"Major Developments in American Culture," Fordham University, Glenn Hendler

Assignment: Dictionary Definition and Keyword Essay
Class: Major Developments in American Culture
Institution: Fordham University
Instructor: Glenn Hendler

Note: This course used the Keywords Collaboratory as its platform for the collaborative composition of keywords projects among the students. The same type of assignment could use a different digital or non-digital means of collaboration.

Project Description:
This sophomore-level course—described as a selective cultural history of the United States and an introduction to the interdisciplinary field of American studies—has been organized around the Keywords volume and website. The course is required of all American studies majors but open to others, and it also fulfills Fordham’s American pluralism requirement, so it serves many purposes and draws a range of students. The assignment asks students to collaborate in small groups outside the classroom—online and in person—to track specific keywords through readings and discussions throughout the semester.

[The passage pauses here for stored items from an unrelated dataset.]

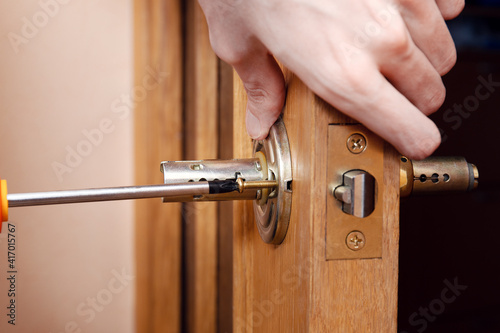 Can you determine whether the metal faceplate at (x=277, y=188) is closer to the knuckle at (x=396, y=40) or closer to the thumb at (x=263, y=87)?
the thumb at (x=263, y=87)

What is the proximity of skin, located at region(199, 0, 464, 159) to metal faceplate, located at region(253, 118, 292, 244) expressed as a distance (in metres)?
0.08

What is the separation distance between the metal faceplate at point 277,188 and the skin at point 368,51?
0.08m

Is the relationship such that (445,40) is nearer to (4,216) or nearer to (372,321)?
(372,321)

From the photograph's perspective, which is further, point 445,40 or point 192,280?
point 192,280

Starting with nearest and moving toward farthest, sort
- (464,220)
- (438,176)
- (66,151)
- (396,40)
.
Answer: (396,40) < (438,176) < (66,151) < (464,220)

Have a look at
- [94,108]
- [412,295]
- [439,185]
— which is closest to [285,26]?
[439,185]

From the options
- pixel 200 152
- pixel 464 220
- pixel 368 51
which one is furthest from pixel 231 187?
pixel 464 220

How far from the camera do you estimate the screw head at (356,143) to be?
0.32m

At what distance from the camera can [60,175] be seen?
0.78m

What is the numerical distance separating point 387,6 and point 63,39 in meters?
0.61

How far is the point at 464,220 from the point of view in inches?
41.1

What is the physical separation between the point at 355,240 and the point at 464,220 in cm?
82

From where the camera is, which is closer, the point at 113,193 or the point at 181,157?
the point at 113,193

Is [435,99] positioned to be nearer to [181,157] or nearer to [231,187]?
[231,187] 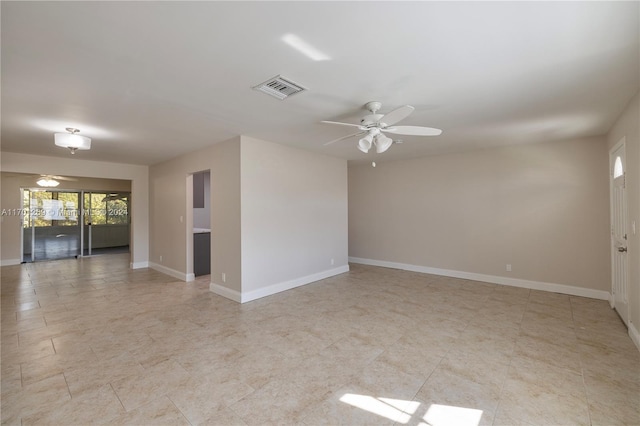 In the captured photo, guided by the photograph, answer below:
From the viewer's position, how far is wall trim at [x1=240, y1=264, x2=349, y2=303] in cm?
432

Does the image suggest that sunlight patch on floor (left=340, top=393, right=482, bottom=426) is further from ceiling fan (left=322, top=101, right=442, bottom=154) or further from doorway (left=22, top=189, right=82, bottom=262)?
doorway (left=22, top=189, right=82, bottom=262)

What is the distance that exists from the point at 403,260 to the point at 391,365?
4.10m

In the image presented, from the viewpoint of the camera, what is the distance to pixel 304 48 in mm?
1972

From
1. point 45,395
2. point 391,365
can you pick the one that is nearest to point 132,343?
point 45,395

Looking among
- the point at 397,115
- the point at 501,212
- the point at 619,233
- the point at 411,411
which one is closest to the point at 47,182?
the point at 397,115

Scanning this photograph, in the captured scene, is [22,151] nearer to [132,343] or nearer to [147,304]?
[147,304]

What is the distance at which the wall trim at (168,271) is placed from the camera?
18.4ft

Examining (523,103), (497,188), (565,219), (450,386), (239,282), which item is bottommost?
(450,386)

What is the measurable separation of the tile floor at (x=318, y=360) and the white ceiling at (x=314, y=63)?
8.14ft

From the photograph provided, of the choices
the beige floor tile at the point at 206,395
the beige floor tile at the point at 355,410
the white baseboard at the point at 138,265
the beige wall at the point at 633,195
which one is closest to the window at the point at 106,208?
the white baseboard at the point at 138,265

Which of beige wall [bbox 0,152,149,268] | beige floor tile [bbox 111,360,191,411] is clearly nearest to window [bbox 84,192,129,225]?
beige wall [bbox 0,152,149,268]

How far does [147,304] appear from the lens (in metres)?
4.17

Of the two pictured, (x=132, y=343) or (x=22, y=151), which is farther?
(x=22, y=151)

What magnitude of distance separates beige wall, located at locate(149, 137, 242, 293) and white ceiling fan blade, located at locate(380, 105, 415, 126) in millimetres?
2405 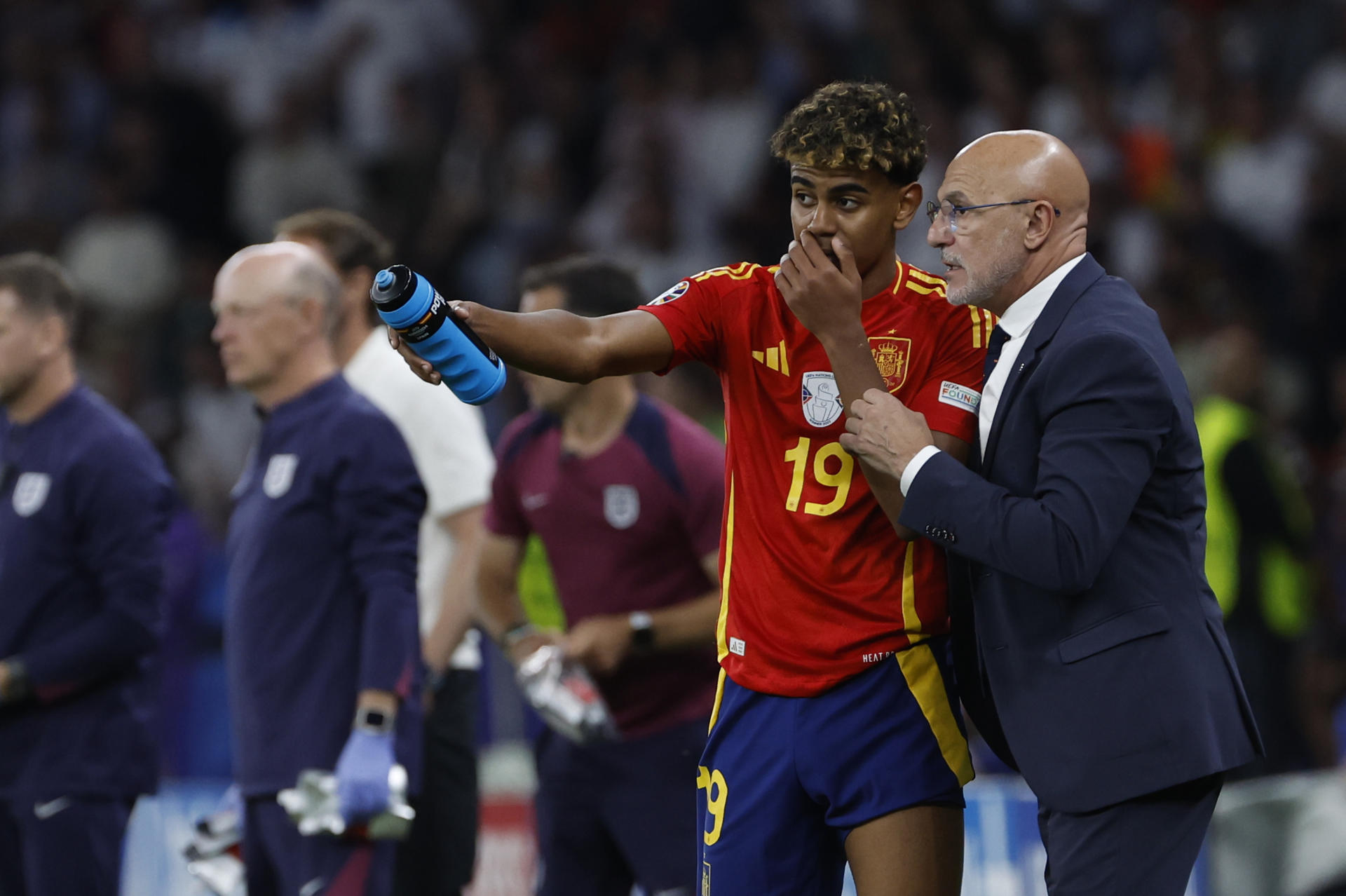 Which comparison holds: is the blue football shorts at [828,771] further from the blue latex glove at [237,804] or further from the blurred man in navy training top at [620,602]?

The collaboratory is set up in advance with abridged OED definitions of the keywords, along with usage examples, also drawn from the OED. The first task for the class, by midterm, is to replace the OED examples with usages of their keyword from their course materials. Thus students are archiving usages, but also categorizing those usages under different OED definitions (or occasionally adding new definitions of their own). In the second half of the semester, they work on a collaboratively-written keyword essay on their term. By the final due date, they submit a polished essay that fulfills the same goals that the essays in the volume, but with a smaller archive. (As we explain, the archive of a keyword essay in the book is the entire field of American cultural studies, the archive for their essay is the set readings for this specific course, along with class lectures and discussions.)

Instructor Comments:
What worked: Groups that methodically track their words every week reflect breadth and quality in their writing. Each group develops a distinct lens on the course materials, and in class discussion they often bring that lens to bear on the topic of the day. The process of collaboration seems rewarding and educational, whether or not the outcome is fully successful.

What needs work: Depending on the course focus and design, keywords may be unevenly distributed in the readings, making some words more challenging than others. Some groups require more instruction than others: how to delineate tasks, divide labor, and adjudicate different opinions. If groups manage the writing off-line, their individual participation becomes difficult to assess.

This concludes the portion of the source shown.